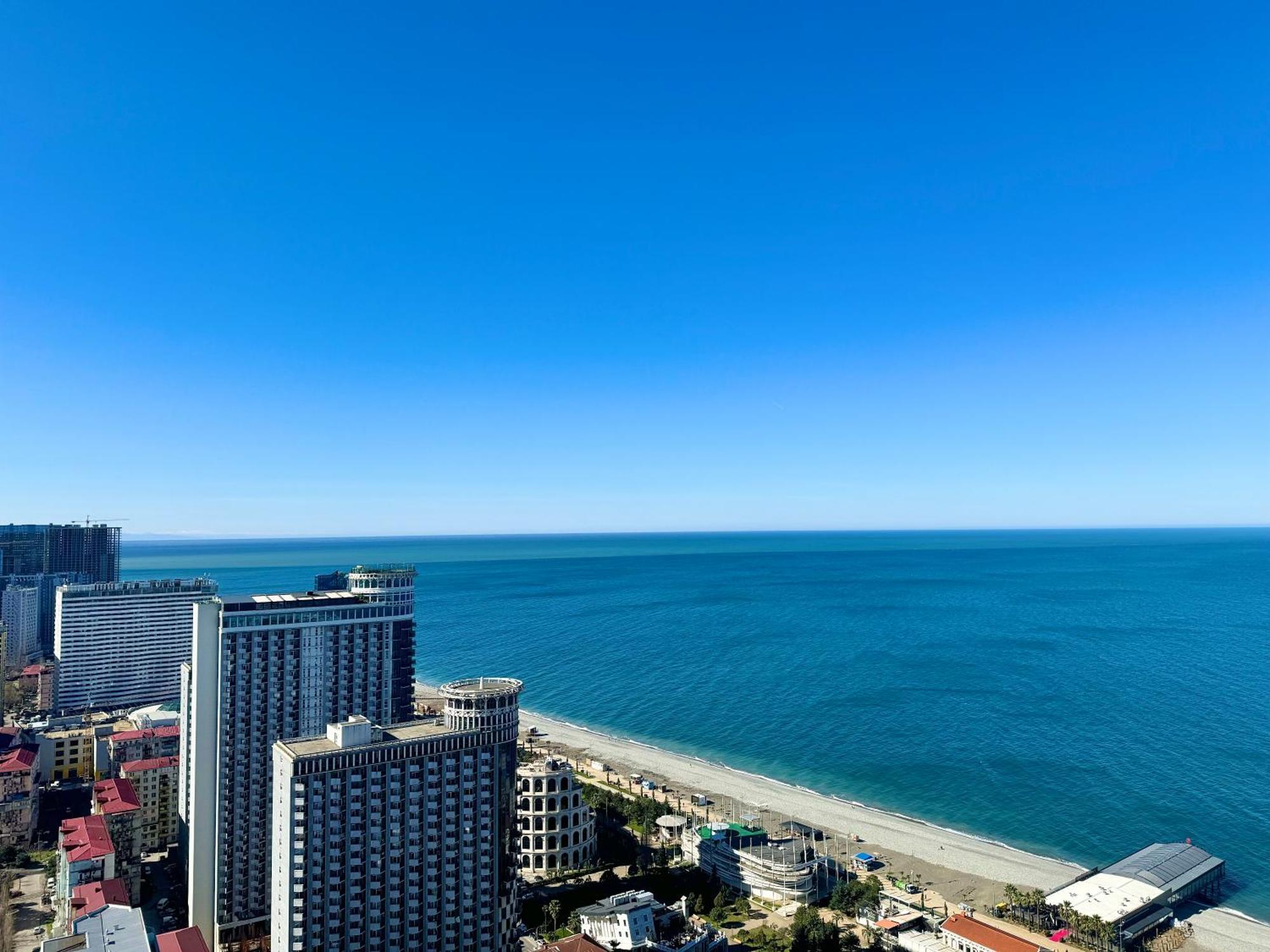 Lux Apartaments Batumi Eksteriør bilde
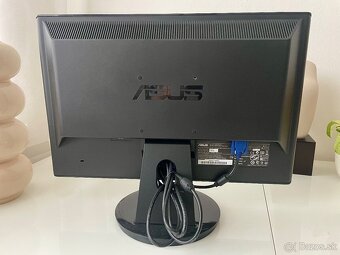 Predam LCD monitor Asus VH220D - 2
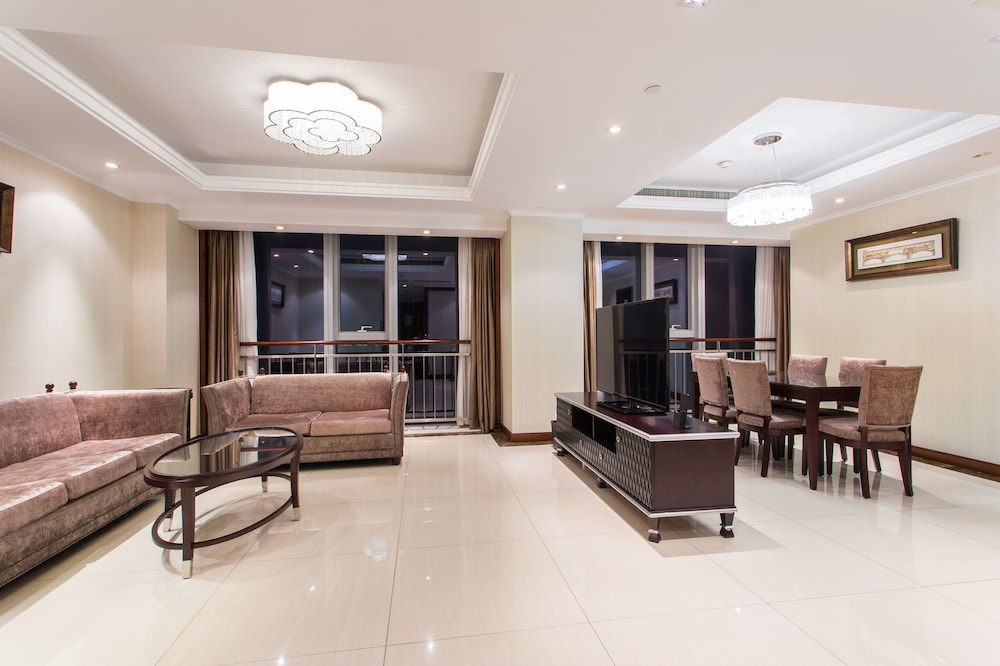Deluxe Suite, 3 Bedrooms, City View photo 1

----

_What this task involves:_ Drop the pictures and set down the data above exactly.

_Answer to this task:_
 Lux Apartaments Batumi Eksteriør bilde
 Predam LCD monitor Asus VH220D - 2
Deluxe Suite, 3 Bedrooms, City View photo 1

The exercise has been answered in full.